= Directions for this task =
Copy word for word the lines in the records below, starting at the line with "Interior Photo - 1609" and ending at the line with "louis vuitton LV new sheepskin wool slippers". Skip the pictures.

*** Provided records ***

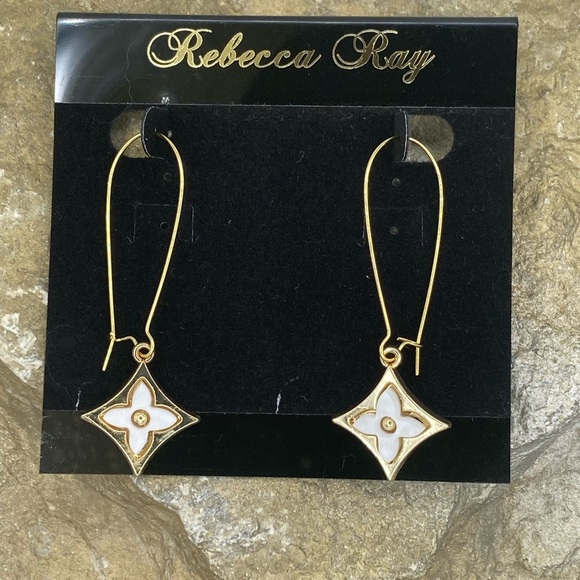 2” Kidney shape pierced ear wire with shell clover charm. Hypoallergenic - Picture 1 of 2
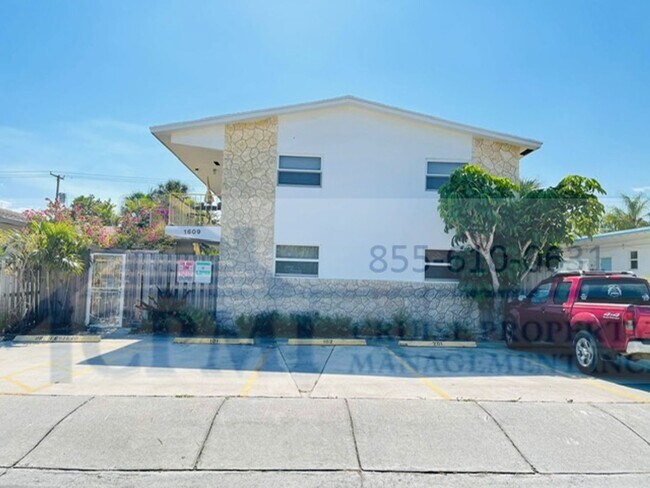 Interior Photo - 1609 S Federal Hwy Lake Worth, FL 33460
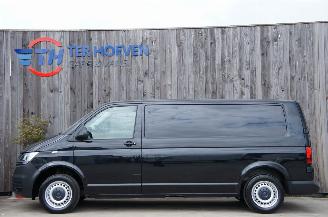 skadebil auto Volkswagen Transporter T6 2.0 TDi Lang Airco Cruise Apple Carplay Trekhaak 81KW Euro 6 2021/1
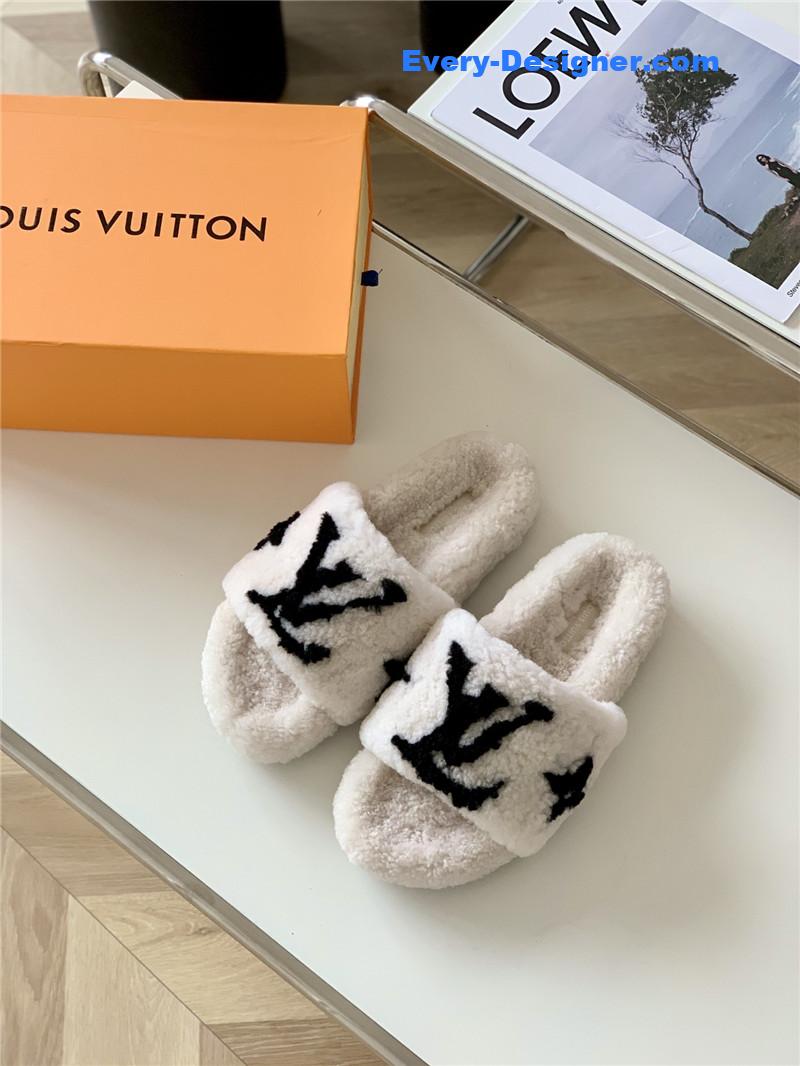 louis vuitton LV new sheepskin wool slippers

*** End of Provided records ***
*** Provided records ***

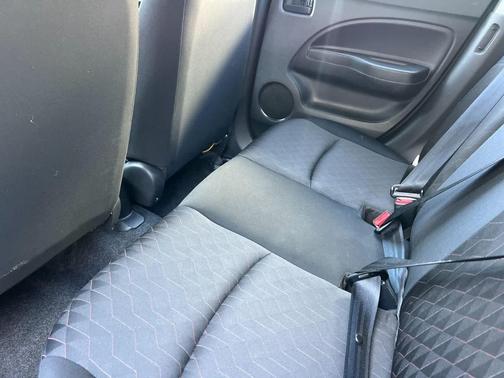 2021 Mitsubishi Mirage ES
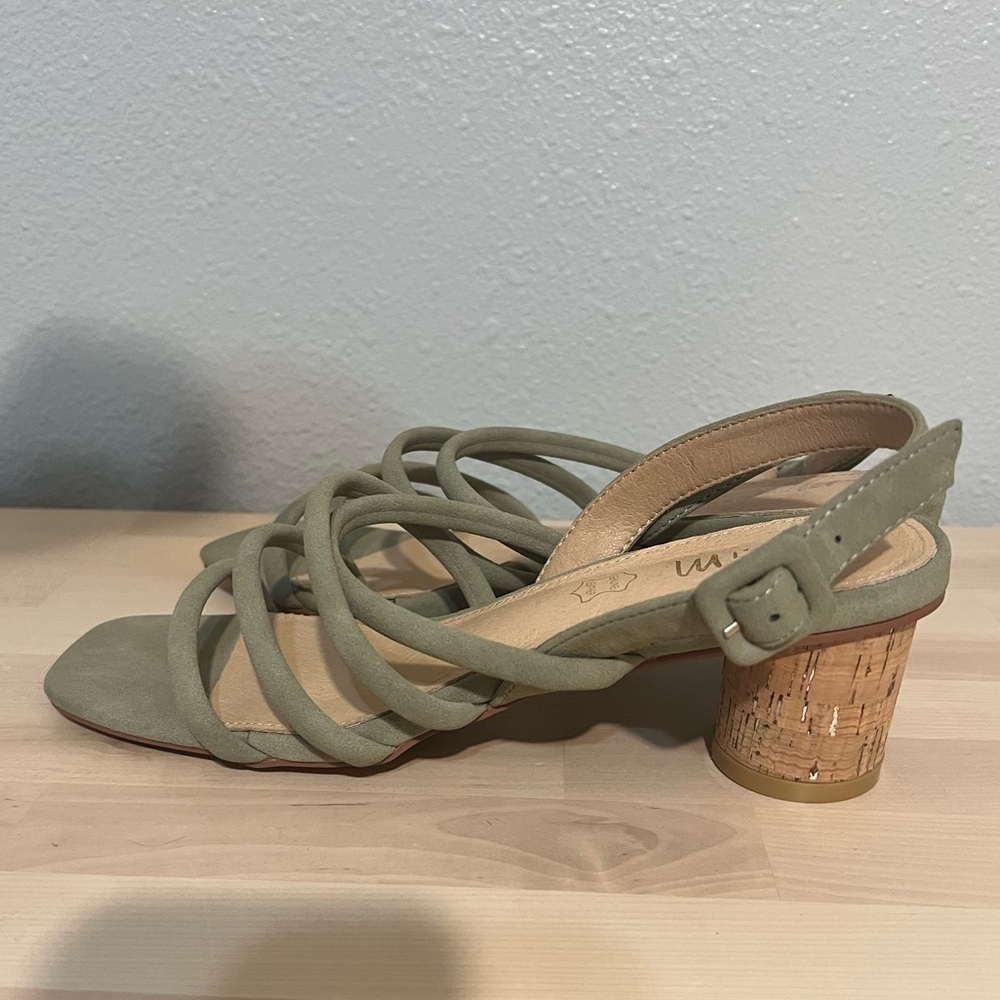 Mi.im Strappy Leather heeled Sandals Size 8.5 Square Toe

*** End of Provided records ***
*** Provided records ***

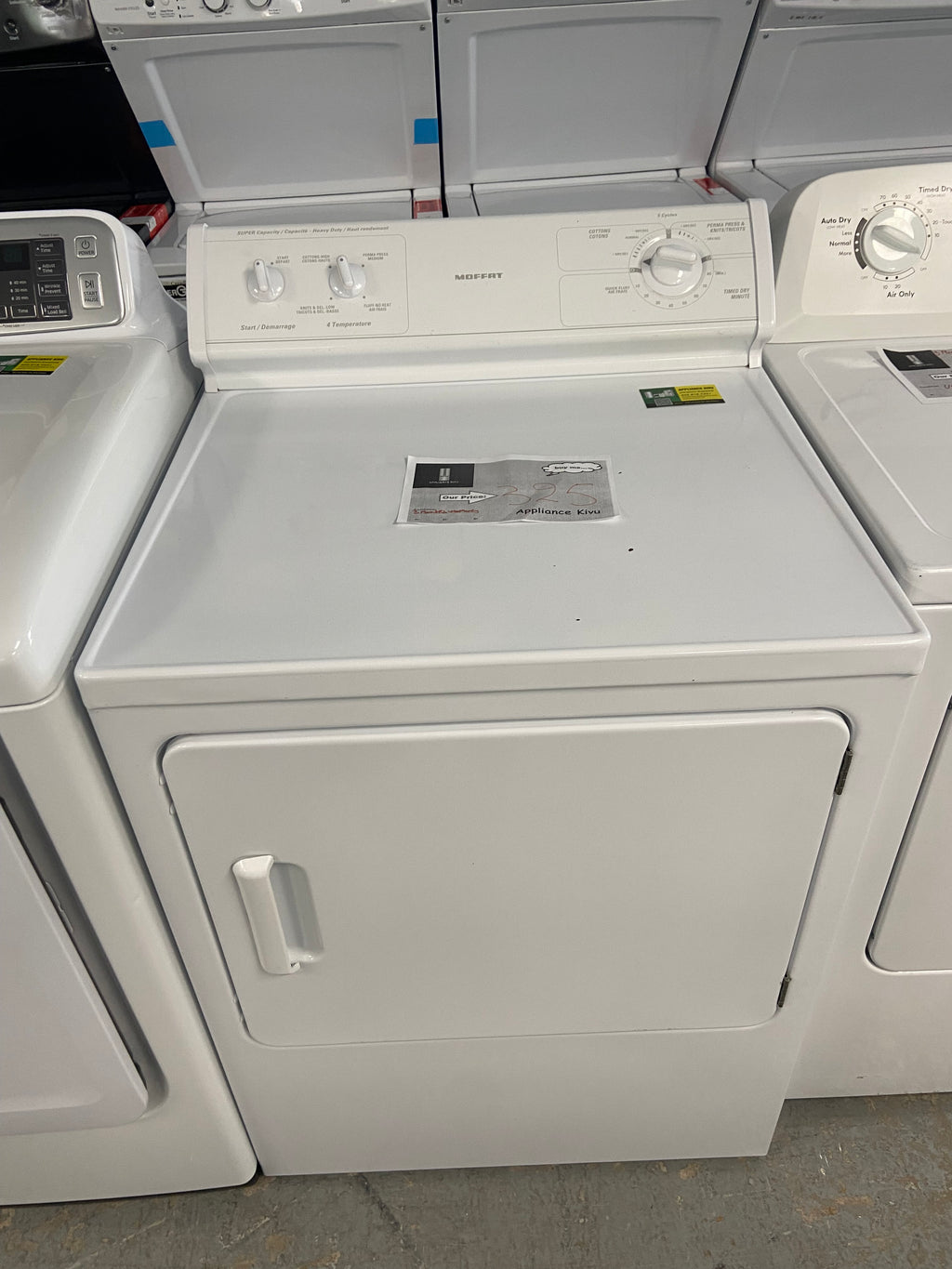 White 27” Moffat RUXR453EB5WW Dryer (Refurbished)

*** End of Provided records ***

= Answer to the exercise =
 Interior Photo - 1609 S Federal Hwy Lake Worth, FL 33460
 skadebil auto Volkswagen Transporter T6 2.0 TDi Lang Airco Cruise Apple Carplay Trekhaak 81KW Euro 6 2021/1
 louis vuitton LV new sheepskin wool slippers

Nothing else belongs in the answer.